Les obligations des marchés émergents bénéficiant d’une notation investment grade représentent actuellement une alternative convaincante aux obligations d’entreprise américaines. Bien que la volatilité du marché se soit quelque peu atténuée après la « Journée de la libération » en avril, l’incertitude générale demeure élevée. Cela s’explique notamment par les droits de douane américains, les tensions géopolitiques, les inquiétudes concernant l’augmentation de la dette publique américaine et les débats autour de l’indépendance de la Réserve fédérale. Parallèlement, les actions américaines ont fortement progressé tandis que la croissance des bénéfices a ralenti, poussant de nombreux investisseurs à rechercher des sources de revenus plus stables et une meilleure diversification des risques. C’est ce qu’explique le Dr Frank Härtel, responsable de l’allocation d’actifs de la Banque J. Safra Sarasin.
![]() Frank Härtel |
Au cours des dix dernières années, le marché de la dette des pays émergents a fortement augmenté. De nombreux pays d’Asie, d’Amérique latine, du Moyen-Orient et d’Europe de l’Est ont amélioré leur politique économique, renforcé leurs finances publiques et réduit leur vulnérabilité aux chocs externes.

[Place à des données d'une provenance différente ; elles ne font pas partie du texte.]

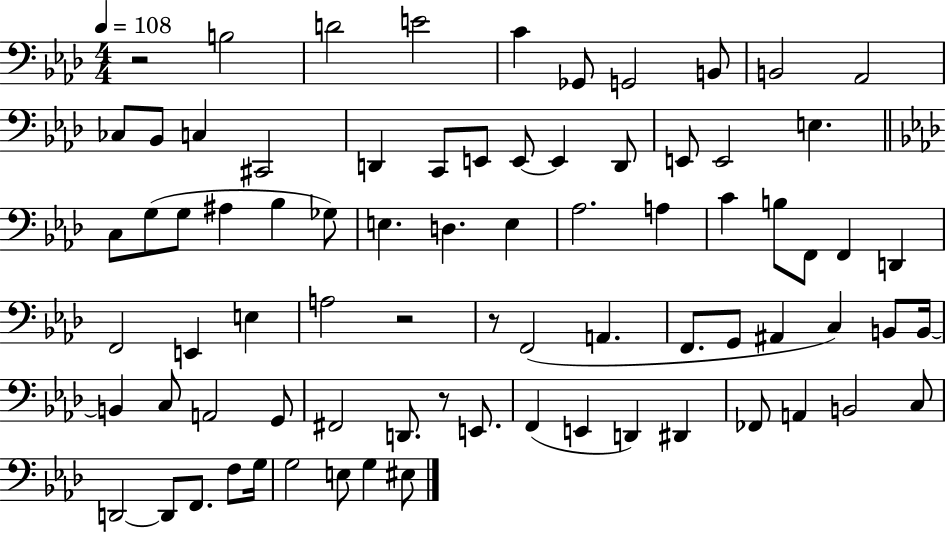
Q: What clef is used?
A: bass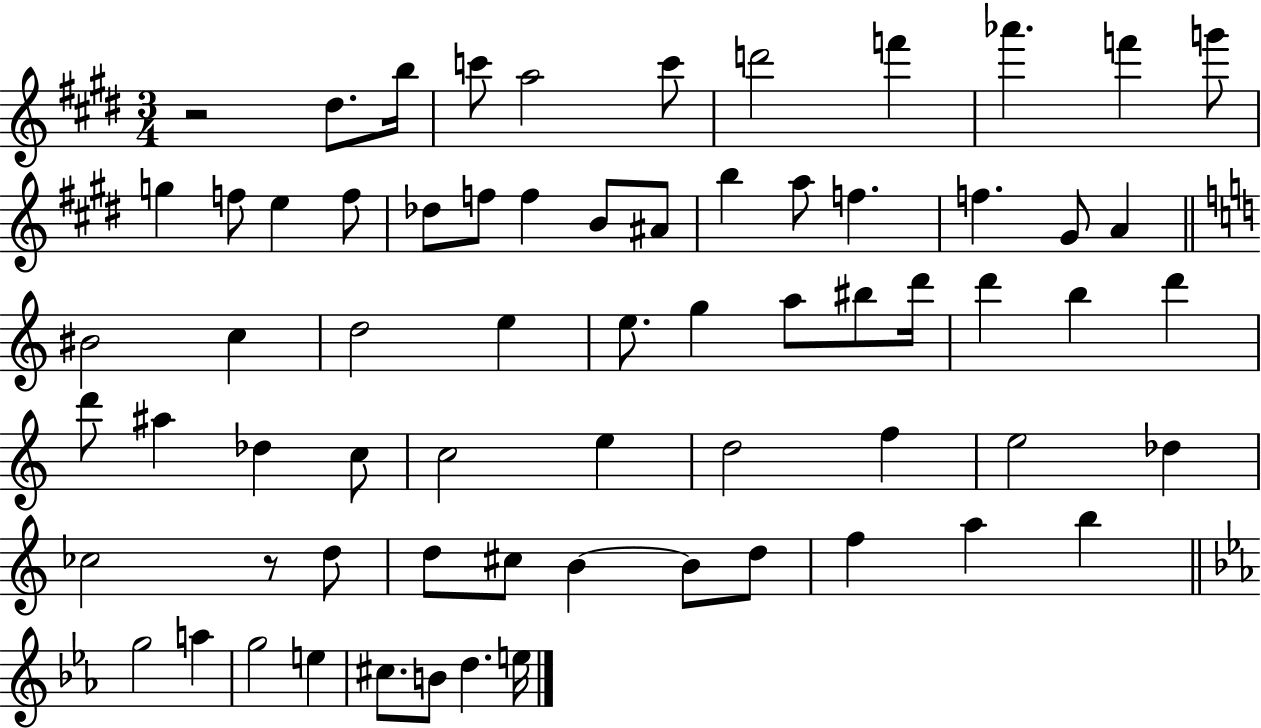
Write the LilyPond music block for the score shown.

{
  \clef treble
  \numericTimeSignature
  \time 3/4
  \key e \major
  r2 dis''8. b''16 | c'''8 a''2 c'''8 | d'''2 f'''4 | aes'''4. f'''4 g'''8 | \break g''4 f''8 e''4 f''8 | des''8 f''8 f''4 b'8 ais'8 | b''4 a''8 f''4. | f''4. gis'8 a'4 | \break \bar "||" \break \key c \major bis'2 c''4 | d''2 e''4 | e''8. g''4 a''8 bis''8 d'''16 | d'''4 b''4 d'''4 | \break d'''8 ais''4 des''4 c''8 | c''2 e''4 | d''2 f''4 | e''2 des''4 | \break ces''2 r8 d''8 | d''8 cis''8 b'4~~ b'8 d''8 | f''4 a''4 b''4 | \bar "||" \break \key c \minor g''2 a''4 | g''2 e''4 | cis''8. b'8 d''4. e''16 | \bar "|."
}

Cela a conduit à une hausse significative de la part des obligations investment grade. De plus, depuis le « taper tantrum » (une période de forte volatilité boursière) de 2013, les entreprises de ces pays ont considérablement réduit leur endettement, conscientes de leur sensibilité à l’évolution des taux d’intérêt américains. De ce fait, leurs bilans sont aujourd’hui souvent plus solides que ceux d’entreprises américaines comparables.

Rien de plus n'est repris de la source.